■ **Dataset records**:
▬▬▬▬▬▬

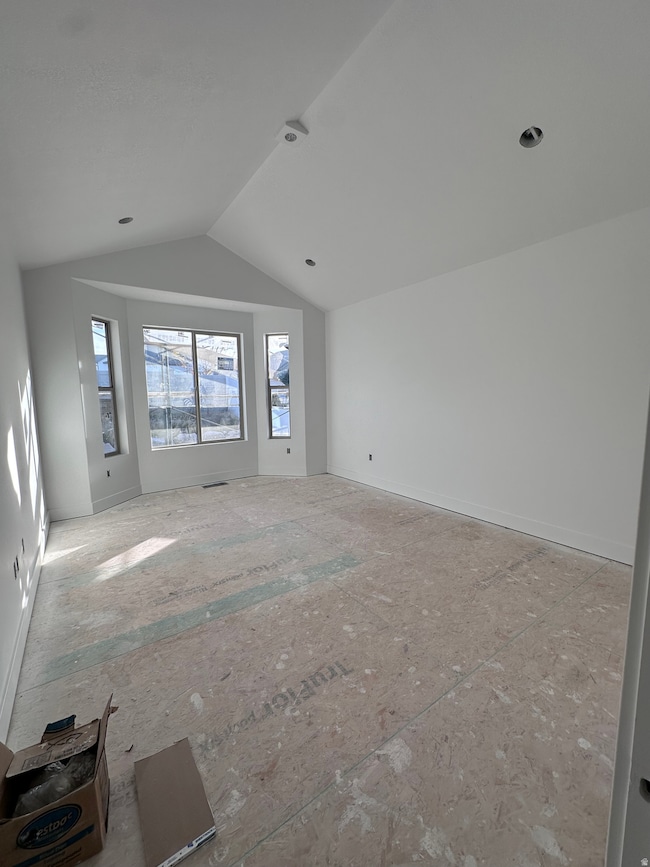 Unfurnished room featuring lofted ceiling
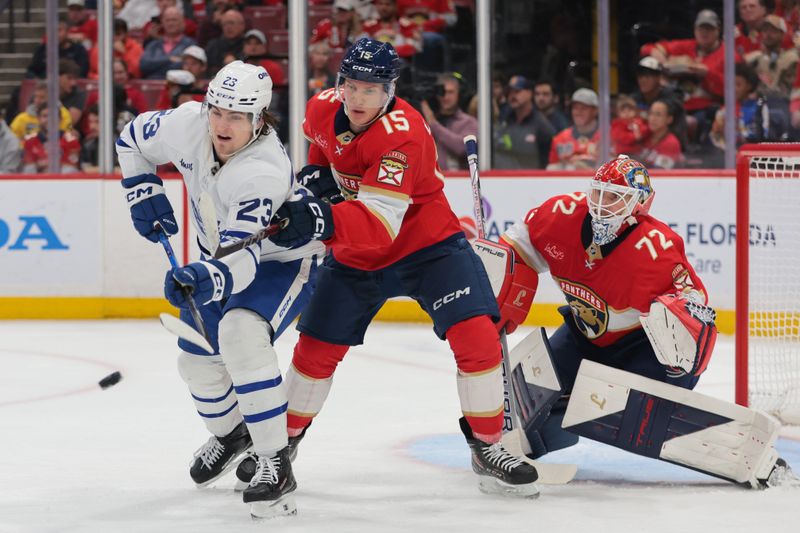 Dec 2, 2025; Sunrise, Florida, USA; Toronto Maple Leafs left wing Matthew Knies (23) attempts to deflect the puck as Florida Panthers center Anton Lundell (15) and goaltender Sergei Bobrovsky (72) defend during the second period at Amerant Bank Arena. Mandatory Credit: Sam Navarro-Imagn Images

▬▬▬▬▬▬

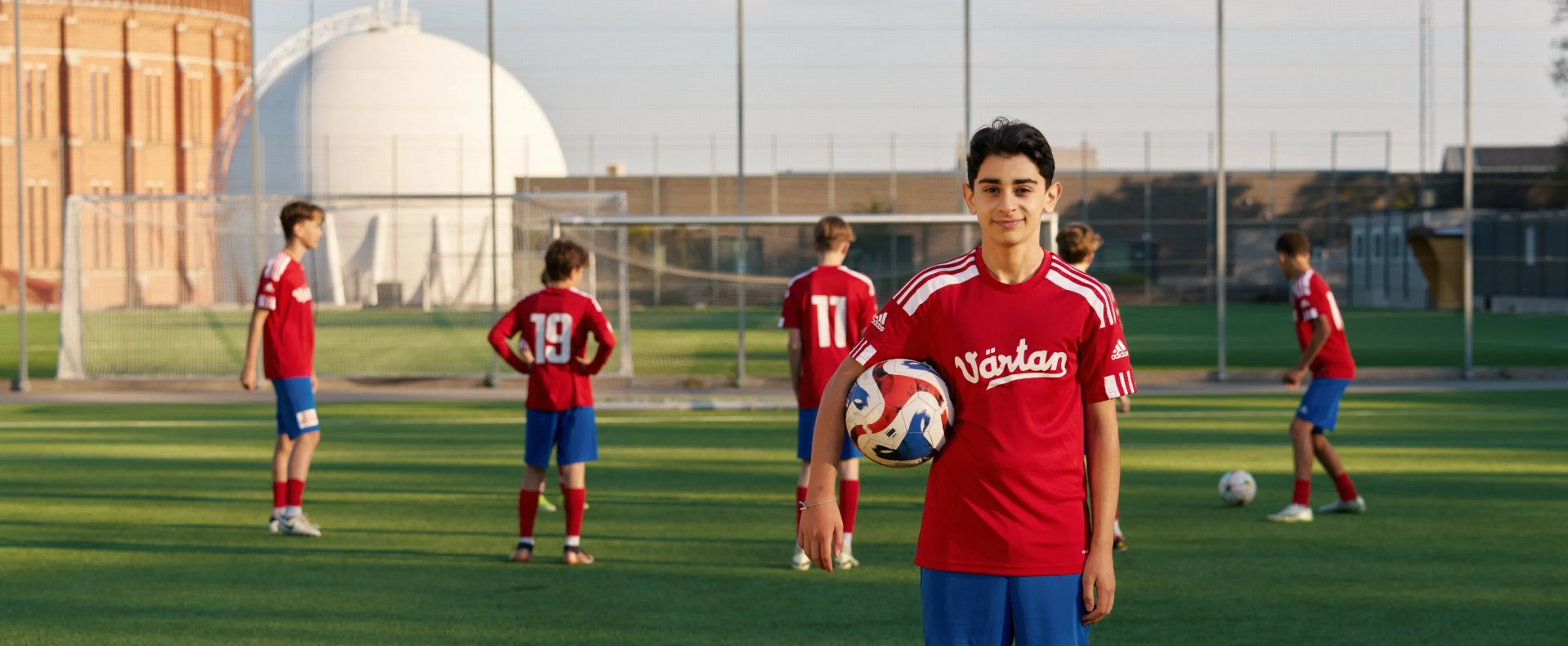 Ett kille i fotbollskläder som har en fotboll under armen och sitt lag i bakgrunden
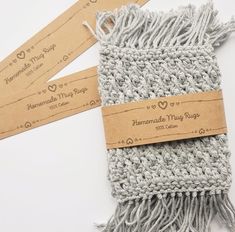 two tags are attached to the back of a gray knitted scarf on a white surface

▬▬▬▬▬▬

■ **Description of the task**: Pictures do not belong in the answer. Return the lines above starting at the one with "Unfurnished room featuring lofted ceiling" and ending at the one with "Dec 2, 2025;", both kept, exactly.

■ **Task output**:
 Unfurnished room featuring lofted ceiling
 Dec 2, 2025; Sunrise, Florida, USA; Toronto Maple Leafs left wing Matthew Knies (23) attempts to deflect the puck as Florida Panthers center Anton Lundell (15) and goaltender Sergei Bobrovsky (72) defend during the second period at Amerant Bank Arena. Mandatory Credit: Sam Navarro-Imagn Images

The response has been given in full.